## Exercise material

[Start of Attachment]

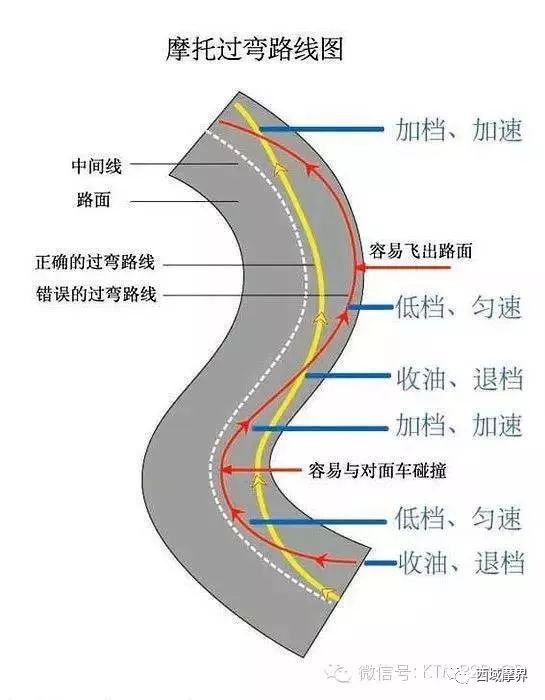 摩托車剎車圈,輪轂剎車圈,鼓式制動器,Drum brake,摩托車制動鐵套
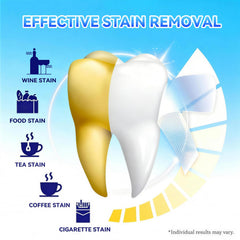 UNUNOT Deudhdal enamel-safe formula protects teeth during whitening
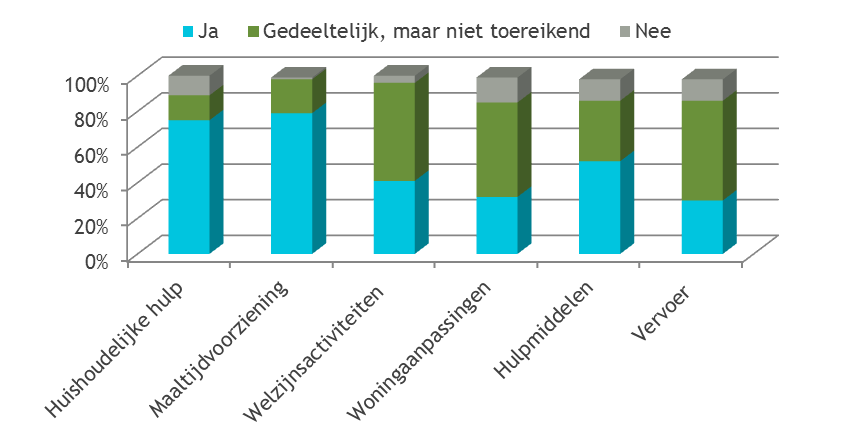 Figuur 10. Beschikbaarheid van diensten voor huidige verblijfsvoorzieningen In figuur 10 is zichtbaar dat het aanbod van huishoudelijke hulp en maaltijdvoorzieningen grotendeels beschikbaar lijkt.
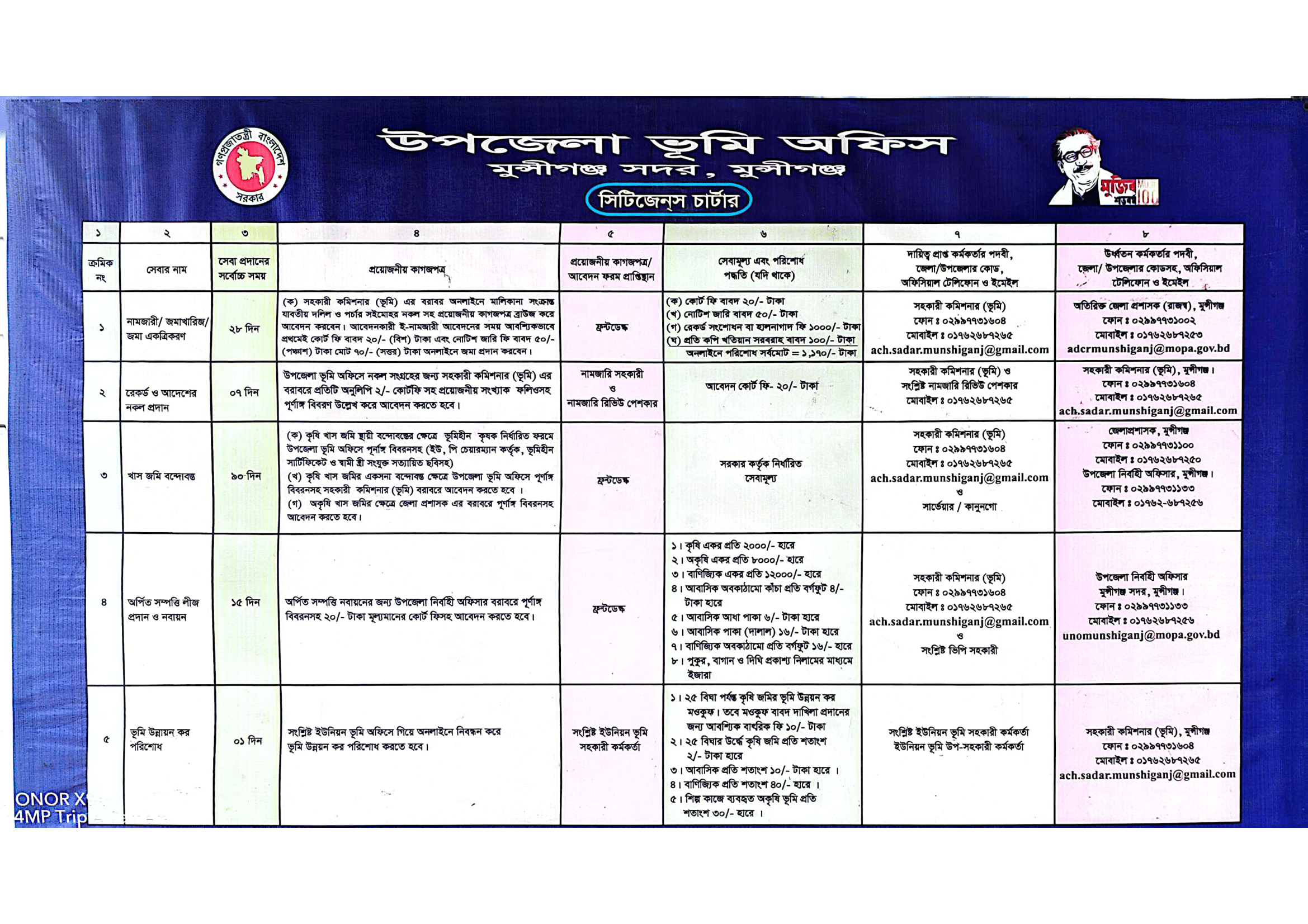 সেবাসমূহ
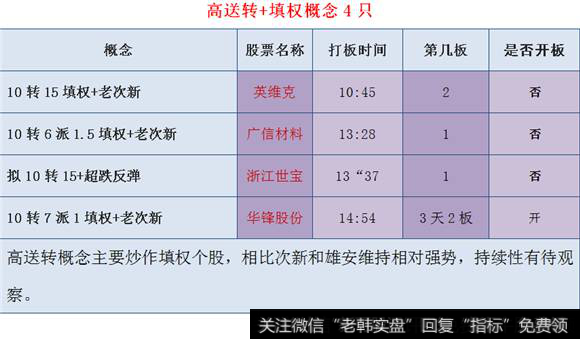 高送转填权概念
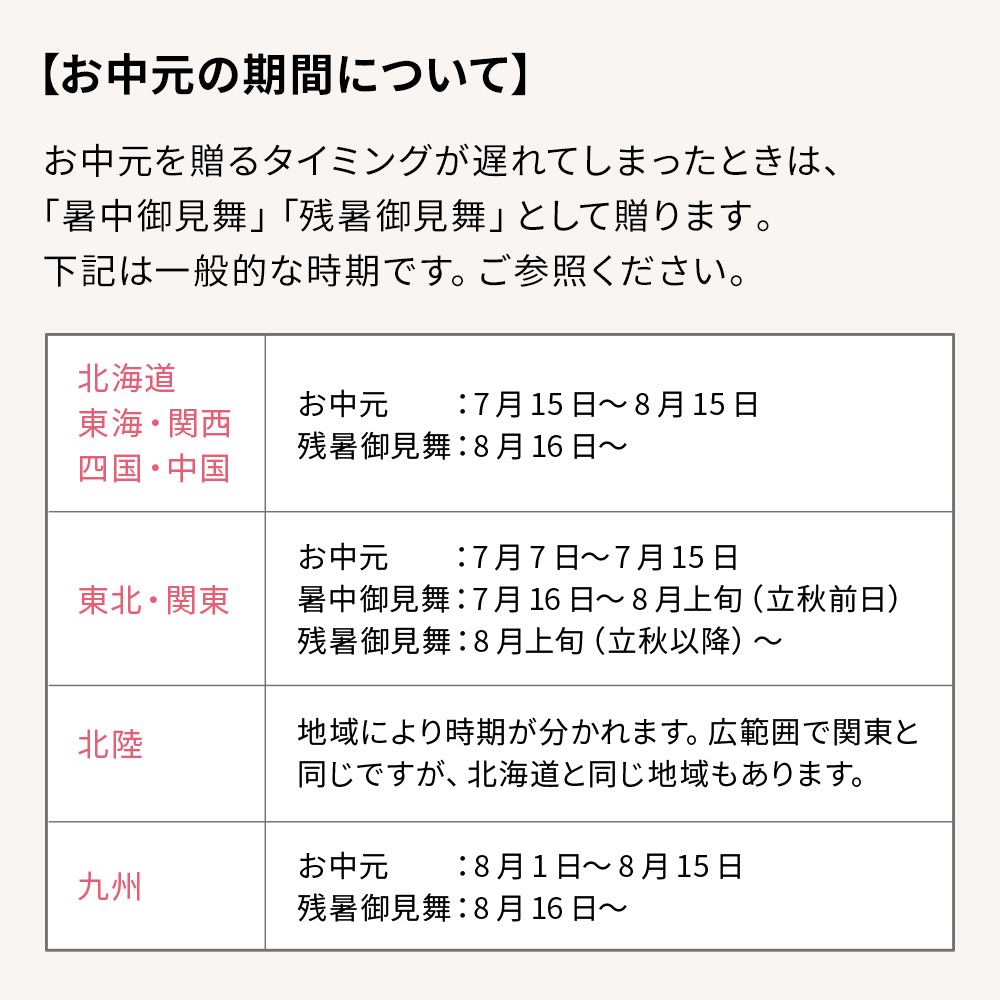 市場 お中元 お祝い お見舞い 贈り物 暑中見舞い 御中元 出産内祝い 残暑見舞い ギフト ピオーネ お中元果物 お礼 広島三次 お中元フルーツ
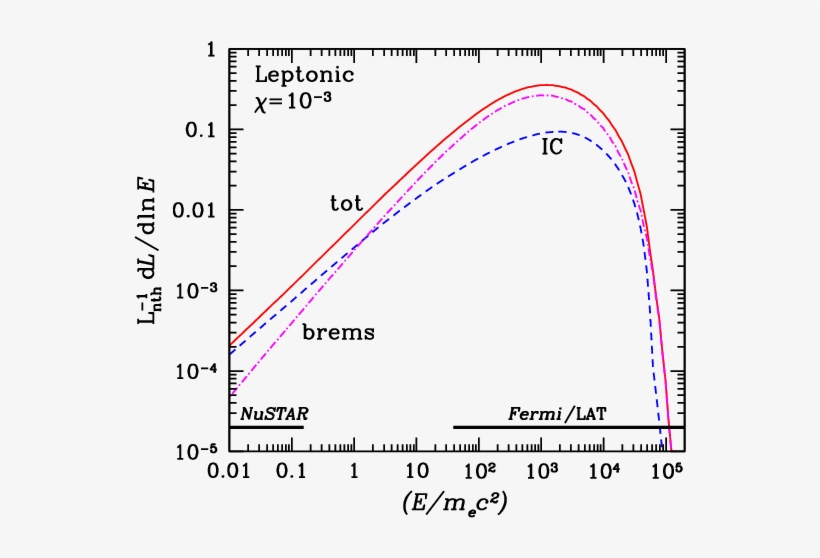 The Inverse Compton Spectrum Is Shown In Blue , Bremsstrahlung - Diagram, transparent png #5118740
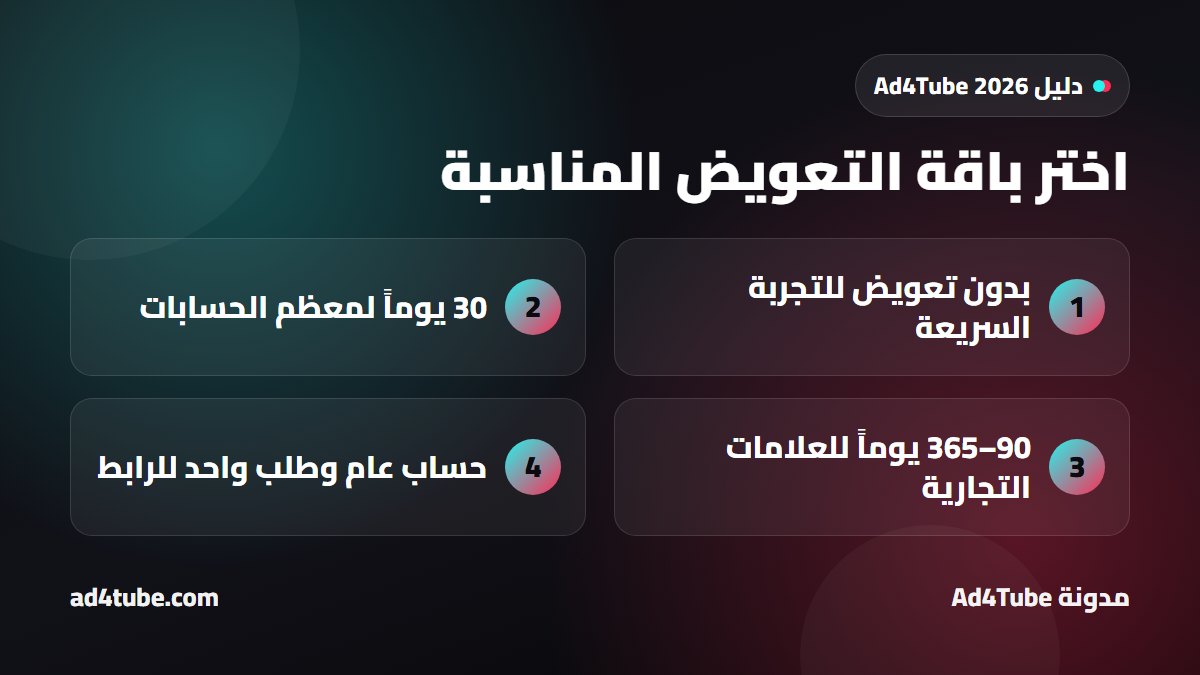 إنفوغرافيك يوضح اختيار باقة التعويض في رشق متابعين تيك توك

[End of Attachment]

## Try it
Output the material above exactly, without pictures.

## Exercise response
 摩托車剎車圈,輪轂剎車圈,鼓式制動器,Drum brake,摩托車制動鐵套
 UNUNOT Deudhdal enamel-safe formula protects teeth during whitening
 Figuur 10. Beschikbaarheid van diensten voor huidige verblijfsvoorzieningen In figuur 10 is zichtbaar dat het aanbod van huishoudelijke hulp en maaltijdvoorzieningen grotendeels beschikbaar lijkt.
 সেবাসমূহ
 高送转填权概念
 市場 お中元 お祝い お見舞い 贈り物 暑中見舞い 御中元 出産内祝い 残暑見舞い ギフト ピオーネ お中元果物 お礼 広島三次 お中元フルーツ
 The Inverse Compton Spectrum Is Shown In Blue , Bremsstrahlung - Diagram, transparent png #5118740
 إنفوغرافيك يوضح اختيار باقة التعويض في رشق متابعين تيك توك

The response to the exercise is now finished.